WHAT THE TASK ASKS —
With the pictures omitted, write out all of the listing exactly.

DATASET CONTENT —
★ ★ ★ ★ ★
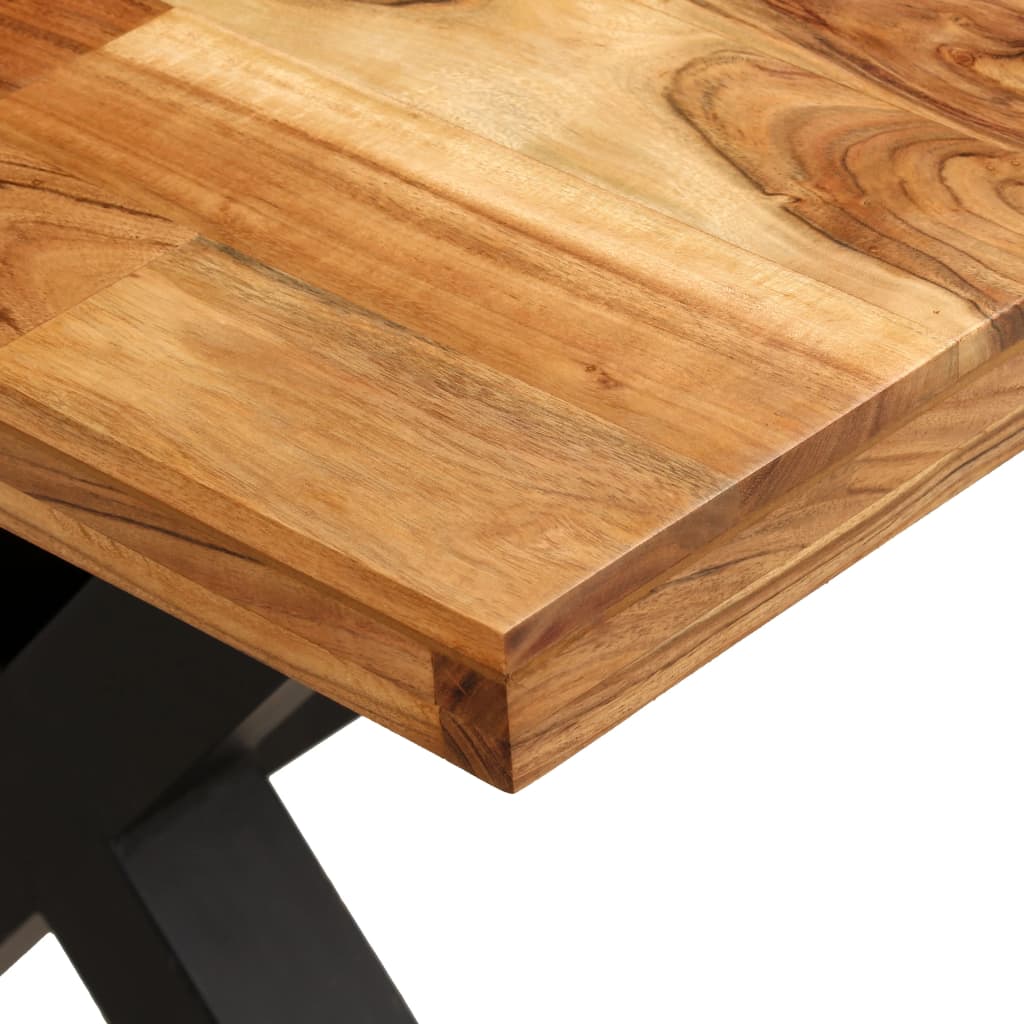 Set Tavolo da Pranzo 7 pz Legno Massello di Acacia e Mango - homemem39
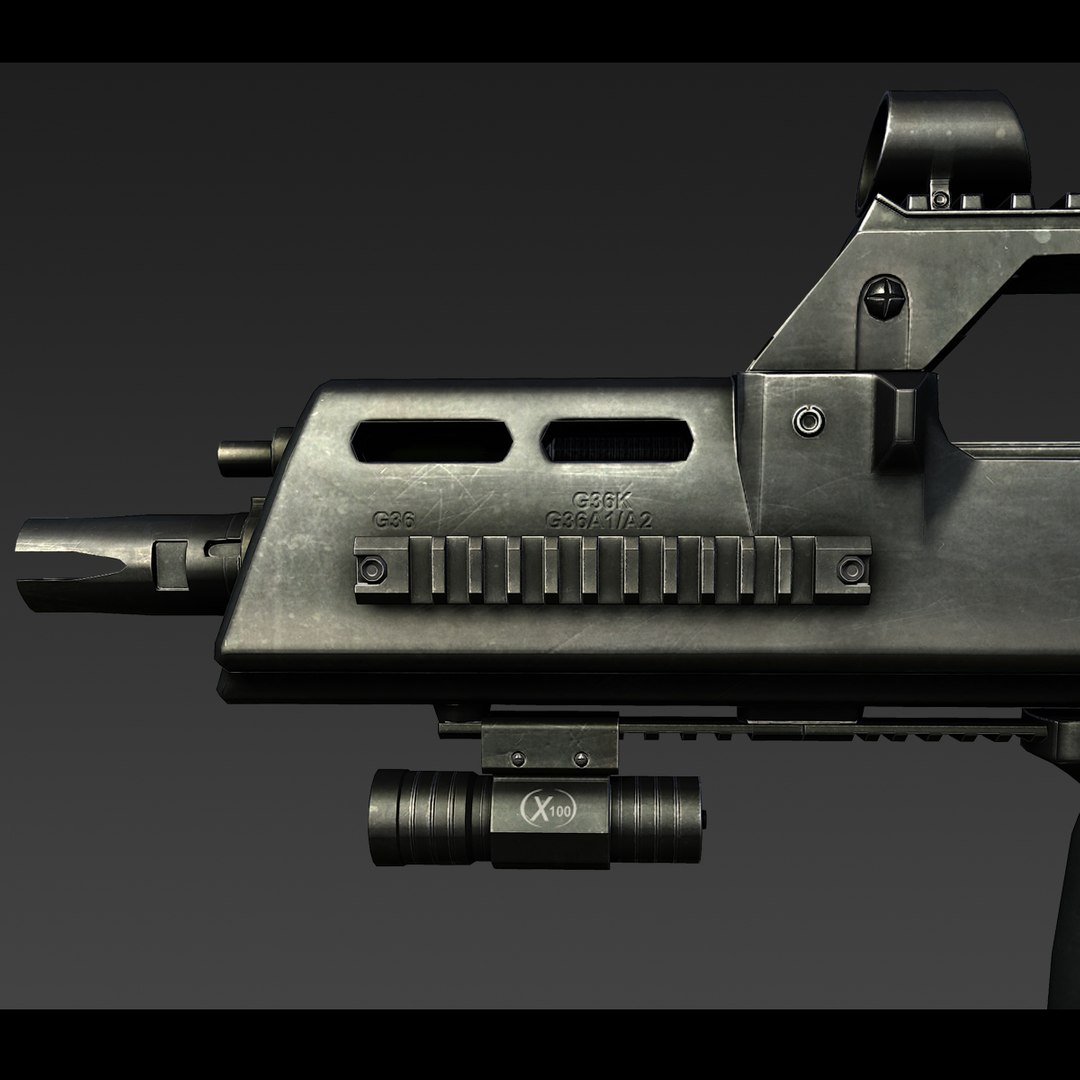Realistic Assault Rifle 3d Model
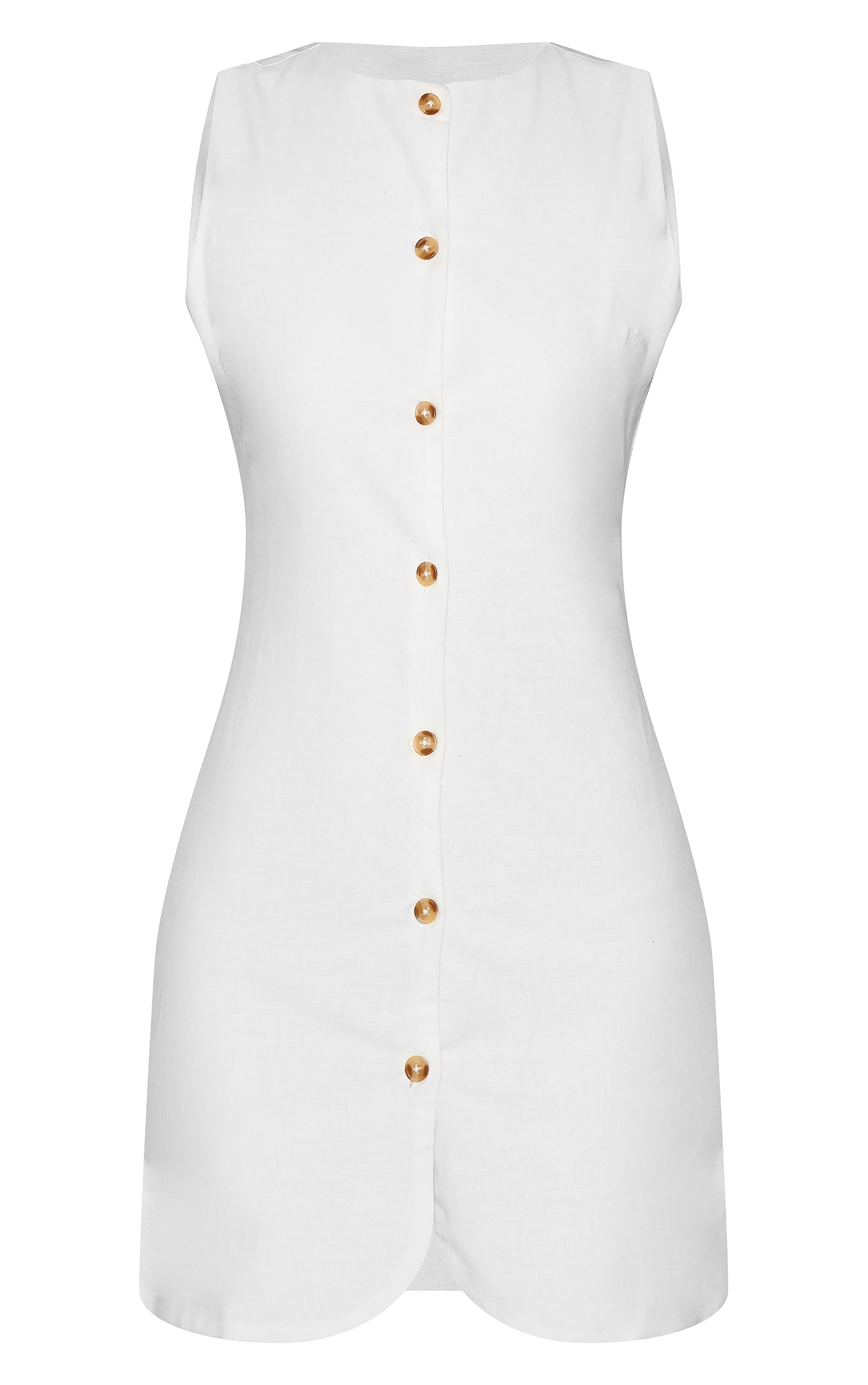 Robe moulante haute à boutons en effet lin d'aspect blanc image 5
★ ★ ★ ★ ★
SOLUTION FOR THIS PROBLEM —
 Set Tavolo da Pranzo 7 pz Legno Massello di Acacia e Mango - homemem39
Realistic Assault Rifle 3d Model
 Robe moulante haute à boutons en effet lin d'aspect blanc image 5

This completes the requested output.